Takes as an input a 3 column data frame (SampleID, TaxonID , Count) and returns a similar dataframe with revised Counts.

The other inputs are subsample size (target number of organisms in each sample) and seed. The seed is given so the results can be reproduced from the same input file. If no seed is given a random seed is used.

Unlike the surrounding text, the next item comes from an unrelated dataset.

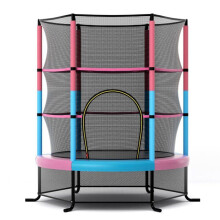 Trampolino da giardino - HELLOSHOP26 - 165x165x161 cm - Rete di sicurezza 360 - Piedi curvi - Schiuma EPE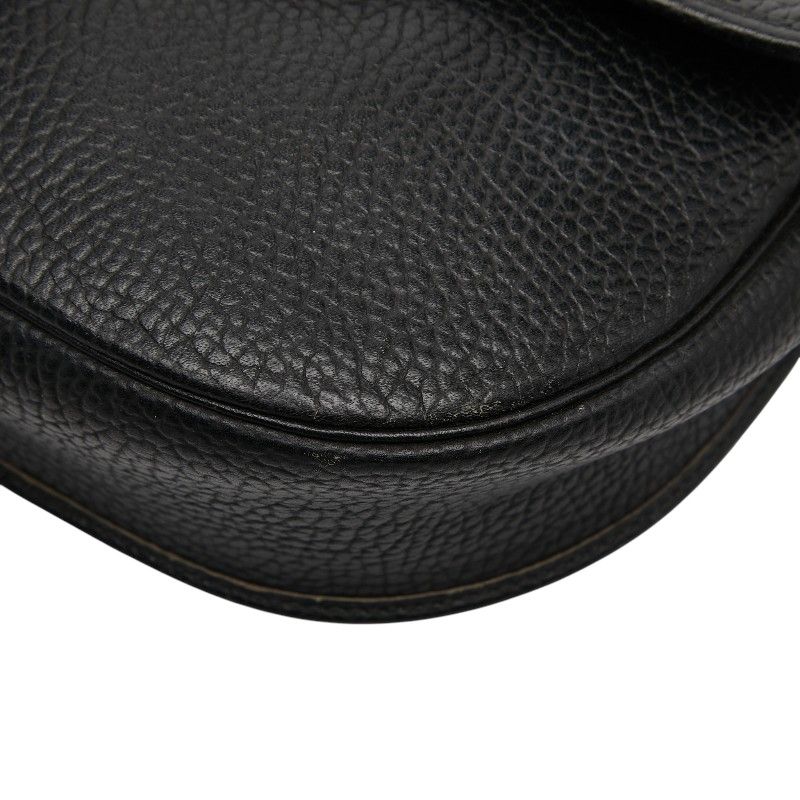 Dior CD Logo Crossbody Shoulder Bag Black Leather Women's Dior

rarify(inbug, sample.ID, abund, subsiz, mySeed = NA)

Arguments

inbug

Input data frame. Needs 3 columns (SampleID, taxonomicID , Count).

sample.ID

Column name in inbug for sample identifier.

abund

Column name in inbug for organism count.

subsiz

Target subsample size for each sample.

mySeed

Seed for random number generator. If provided the results with the same inbug file will produce the same results. Defaut = NA (random seed will be used.)

Value

Returns a data frame with the same three columns but the abund field has been modified so the total count for each sample is no longer above the target (subsiz).

Details

rarify function: R function to rarify (subsample) a macroinvertebrate sample down to a fixed count; by John Van Sickle, USEPA. email: VanSickle.John@epa.gov ; Version 1.0, 06/10/05;

Examples

# Subsample to 500 organisms (from over 500 organisms) for 12 samples.

# load bio data
df_biodata <- data_bio2rarify
dim(df_biodata)
#> [1] 350   3
if (FALSE) {
View(df_biodata)
}

# subsample
mySize <- 500
Seed_OR <- 18590214
Seed_WA <- 18891111
Seed_US <- 17760704
bugs_mysize <- rarify(inbug=df_biodata, sample.ID="SampleID"
                     ,abund="N_Taxa",subsiz=mySize, mySeed=Seed_US)
#> Rarify of samples complete. 
#>  Number of samples =  12 
#>  Execution time (sec) =  0.00800000000000267 

# view results
dim(bugs_mysize)
#> [1] 350   3
if (FALSE) {
View(bugs_mysize)
}

# Compare pre- and post- subsample counts
df_compare <- merge(df_biodata, bugs_mysize, by=c("SampleID", "TaxaID")
                    , suffixes = c("_Orig","_500"))
df_compare <- df_compare[, c("SampleID"
                             , "TaxaID"
                             , "N_Taxa_Orig"
                             , "N_Taxa_500")]

if (FALSE) {
View(df_compare)
}

# compare totals
tbl_totals <- aggregate(cbind(N_Taxa_Orig, N_Taxa_500) ~ SampleID
                                                     , df_compare, sum)

if (FALSE) {
View(tbl_totals)

# save the data
write.table(bugs_mysize
            , file.path(tempdir(), paste("bugs", mySize, "txt", sep = "."))
                                         , sep = "\t")
# Open tempdir (Windows only)
shell.exec(tempdir())
}